Exercise prompt:
Write out exactly the lines below starting at the one containing "Hello and welcome" and ending at the one containing "So I clicked". Omit every picture.
*** Data extract ***
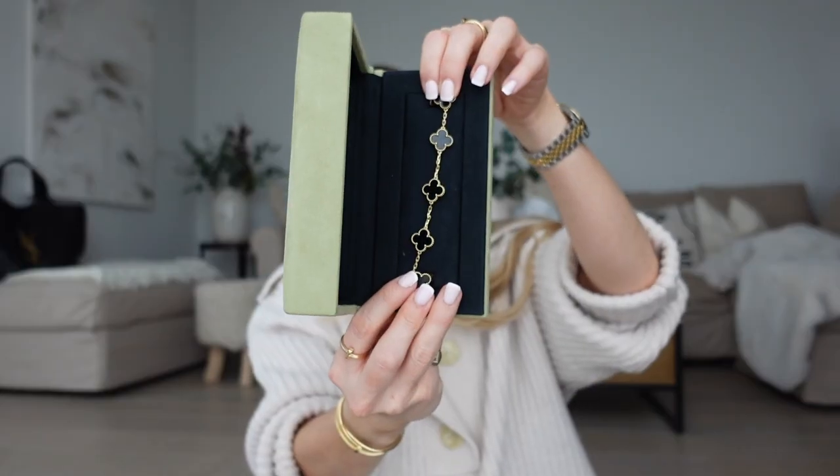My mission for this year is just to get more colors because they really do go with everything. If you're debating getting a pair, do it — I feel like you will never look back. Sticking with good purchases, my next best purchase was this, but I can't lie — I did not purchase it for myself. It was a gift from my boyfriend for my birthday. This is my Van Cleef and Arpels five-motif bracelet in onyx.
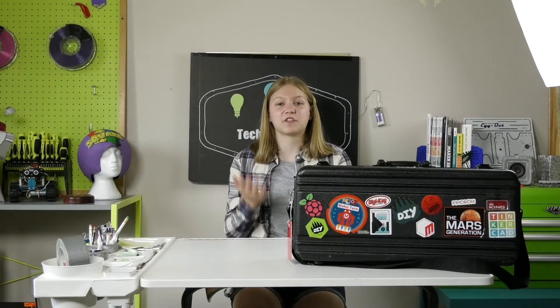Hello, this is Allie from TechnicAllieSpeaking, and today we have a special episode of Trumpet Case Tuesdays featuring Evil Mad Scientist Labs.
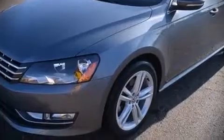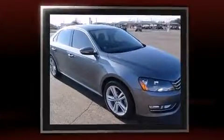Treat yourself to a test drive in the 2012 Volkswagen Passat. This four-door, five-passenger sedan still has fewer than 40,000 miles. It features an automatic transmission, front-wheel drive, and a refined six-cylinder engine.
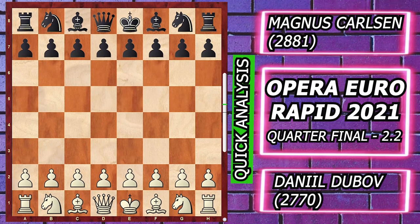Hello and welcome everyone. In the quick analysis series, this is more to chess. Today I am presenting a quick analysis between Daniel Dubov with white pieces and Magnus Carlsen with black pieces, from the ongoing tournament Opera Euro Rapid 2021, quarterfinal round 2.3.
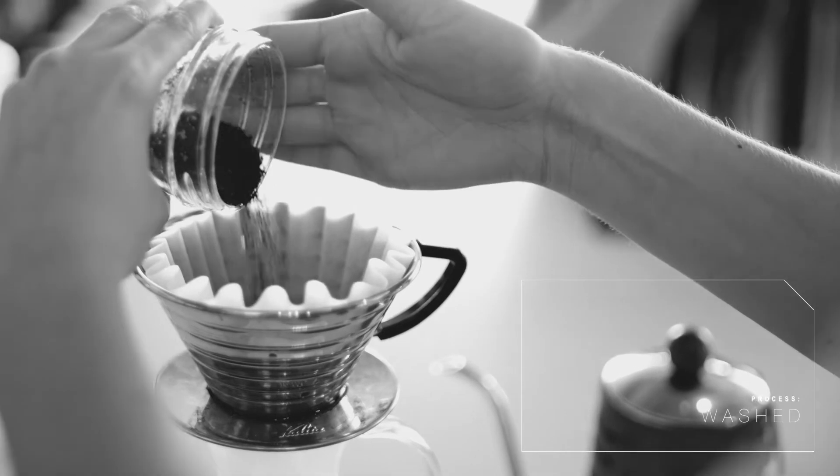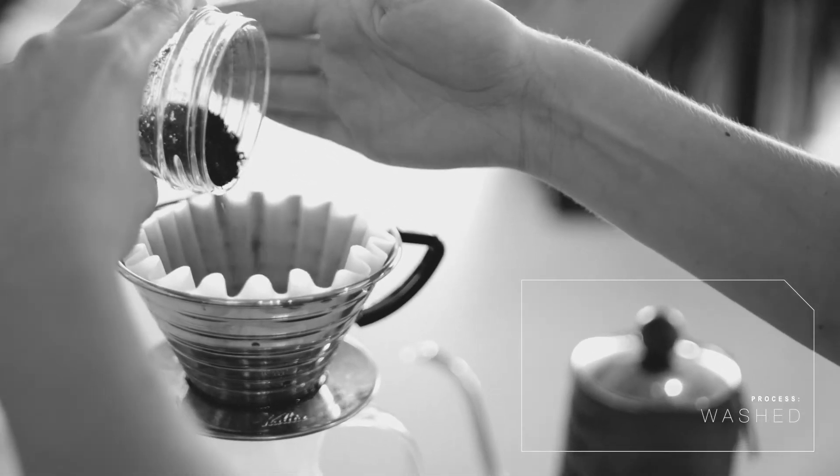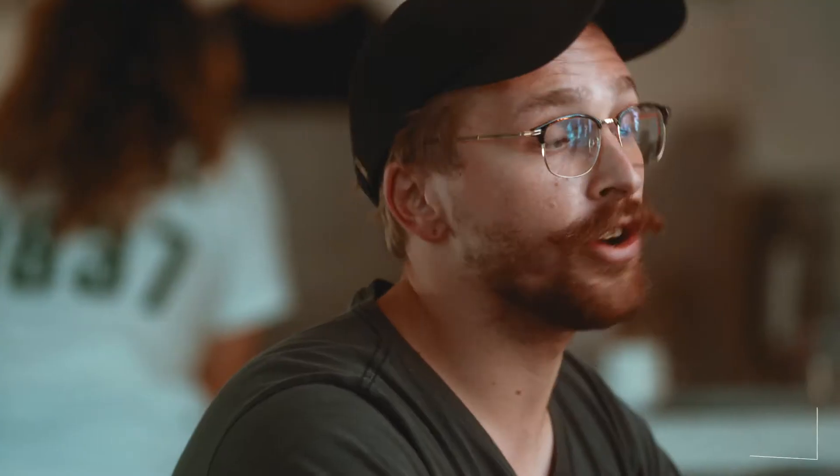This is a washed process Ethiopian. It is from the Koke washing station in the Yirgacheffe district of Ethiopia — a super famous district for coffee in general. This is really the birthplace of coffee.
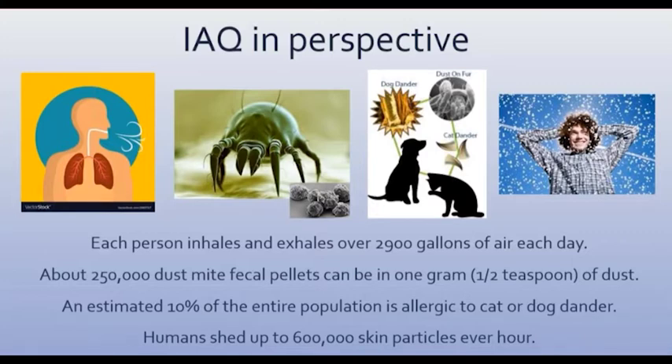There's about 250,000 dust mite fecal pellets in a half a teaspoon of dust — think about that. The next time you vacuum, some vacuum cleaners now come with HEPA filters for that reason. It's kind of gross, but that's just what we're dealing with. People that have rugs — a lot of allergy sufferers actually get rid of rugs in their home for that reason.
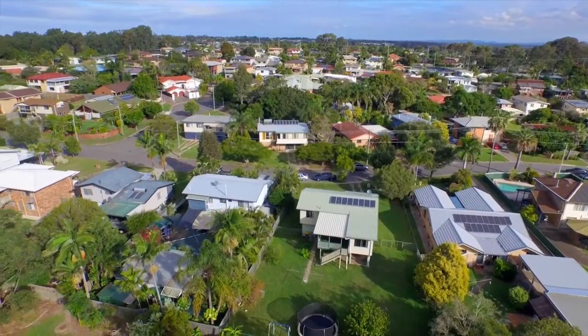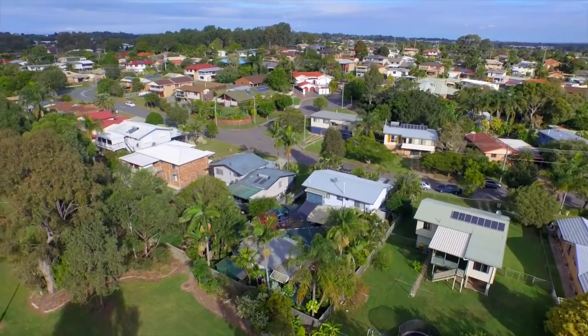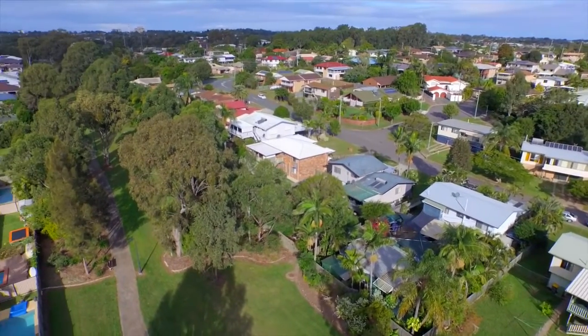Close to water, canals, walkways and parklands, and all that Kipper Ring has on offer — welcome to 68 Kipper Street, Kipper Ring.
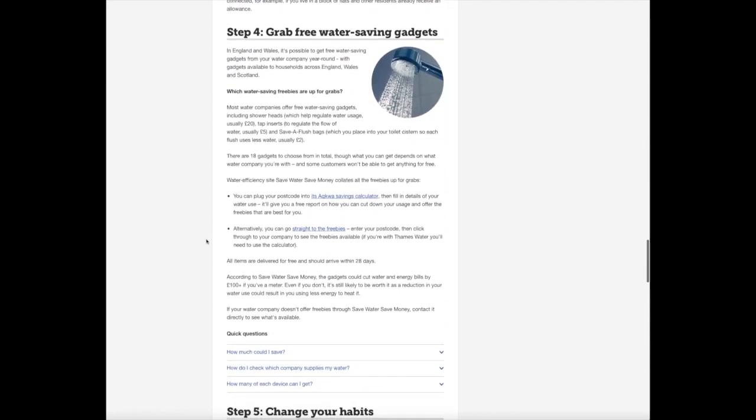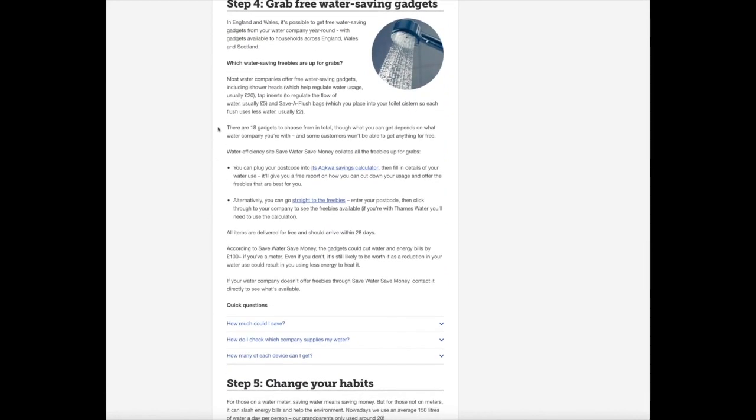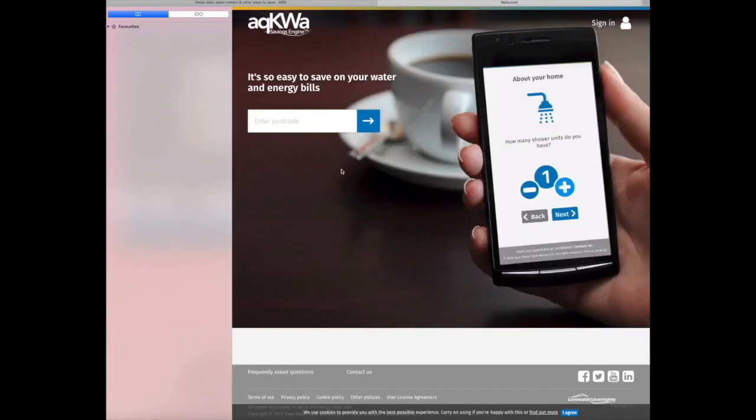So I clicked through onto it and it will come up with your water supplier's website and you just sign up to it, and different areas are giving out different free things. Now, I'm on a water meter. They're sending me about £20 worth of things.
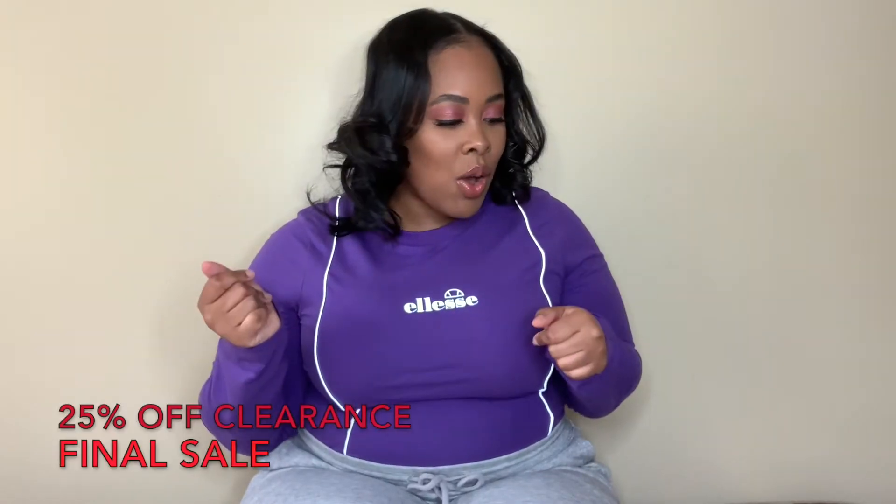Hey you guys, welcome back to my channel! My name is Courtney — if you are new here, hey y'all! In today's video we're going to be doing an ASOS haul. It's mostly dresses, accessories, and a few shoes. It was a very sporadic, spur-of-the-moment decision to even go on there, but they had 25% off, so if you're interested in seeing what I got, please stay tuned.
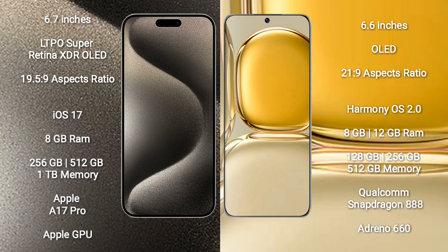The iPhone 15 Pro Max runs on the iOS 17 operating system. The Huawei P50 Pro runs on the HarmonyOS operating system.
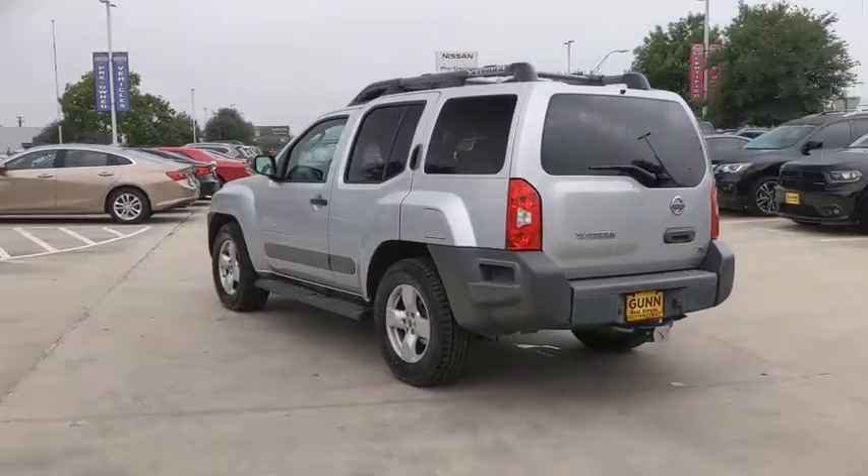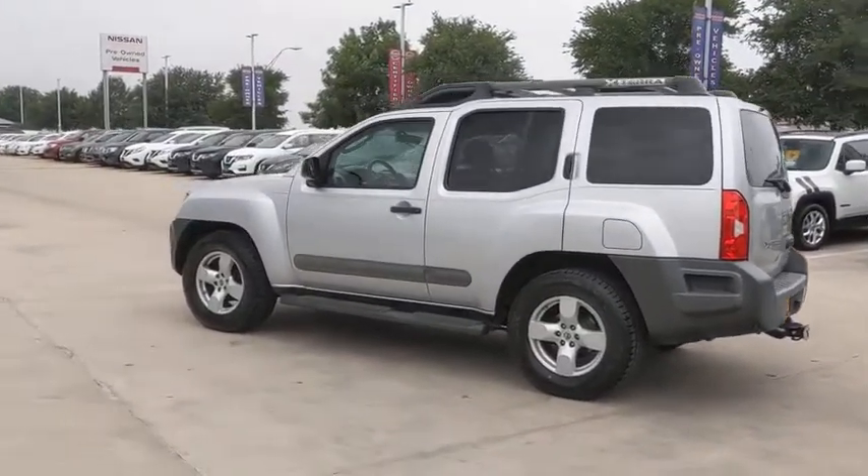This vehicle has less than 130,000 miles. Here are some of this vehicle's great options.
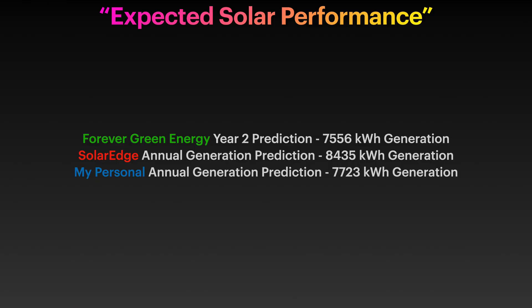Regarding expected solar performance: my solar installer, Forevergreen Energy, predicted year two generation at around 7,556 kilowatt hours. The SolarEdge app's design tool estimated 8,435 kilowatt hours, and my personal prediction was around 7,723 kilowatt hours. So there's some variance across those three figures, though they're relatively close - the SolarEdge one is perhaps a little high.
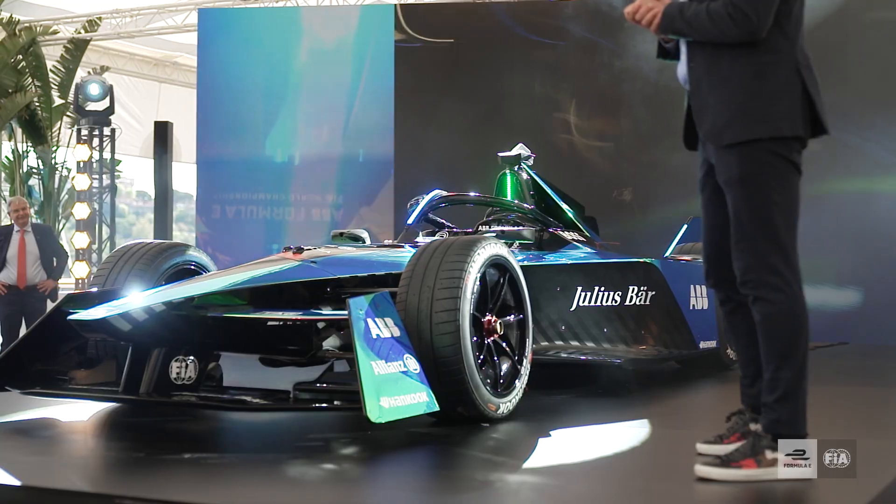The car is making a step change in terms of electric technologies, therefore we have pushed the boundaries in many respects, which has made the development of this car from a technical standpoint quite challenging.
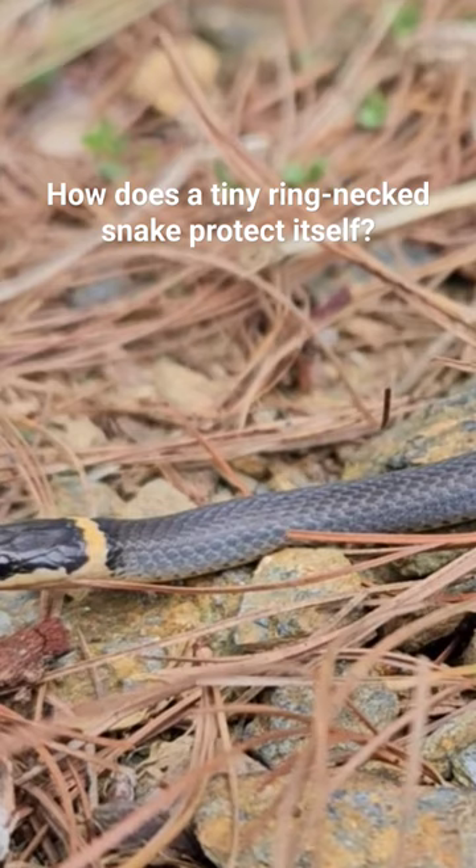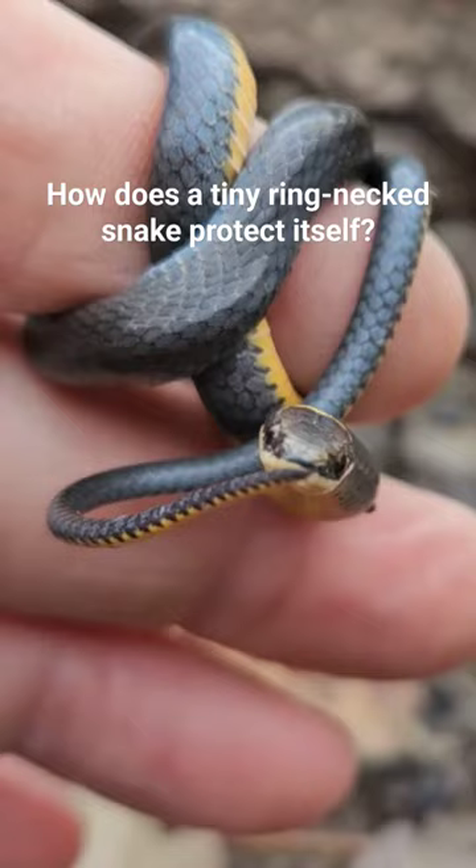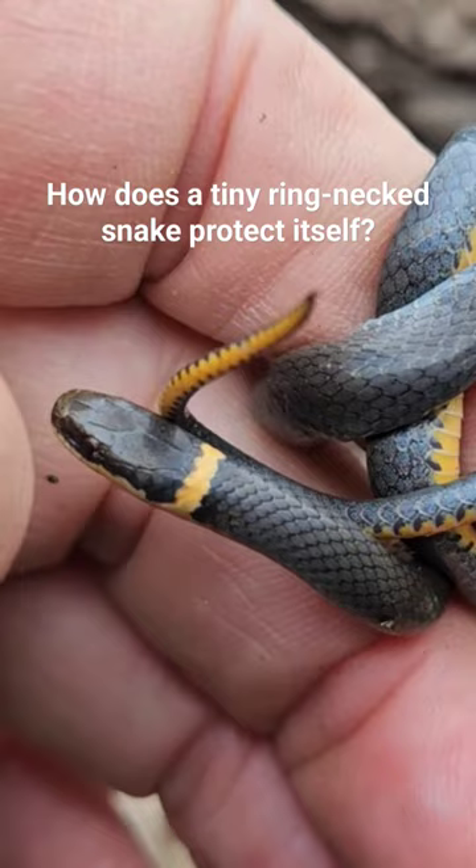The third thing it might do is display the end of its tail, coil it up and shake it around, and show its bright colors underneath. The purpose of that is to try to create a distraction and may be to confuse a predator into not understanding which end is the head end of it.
*** End of Data extract ***
Task solution:
Hello and welcome everyone. In the quick analysis series, this is more to chess. Today I am presenting a quick analysis between Daniel Dubov with white pieces and Magnus Carlsen with black pieces, from the ongoing tournament Opera Euro Rapid 2021, quarterfinal round 2.3.
This is a washed process Ethiopian. It is from the Koke washing station in the Yirgacheffe district of Ethiopia — a super famous district for coffee in general. This is really the birthplace of coffee.
There's about 250,000 dust mite fecal pellets in a half a teaspoon of dust — think about that. The next time you vacuum, some vacuum cleaners now come with HEPA filters for that reason. It's kind of gross, but that's just what we're dealing with. People that have rugs — a lot of allergy sufferers actually get rid of rugs in their home for that reason.
Close to water, canals, walkways and parklands, and all that Kipper Ring has on offer — welcome to 68 Kipper Street, Kipper Ring.
So I clicked through onto it and it will come up with your water supplier's website and you just sign up to it, and different areas are giving out different free things. Now, I'm on a water meter. They're sending me about £20 worth of things.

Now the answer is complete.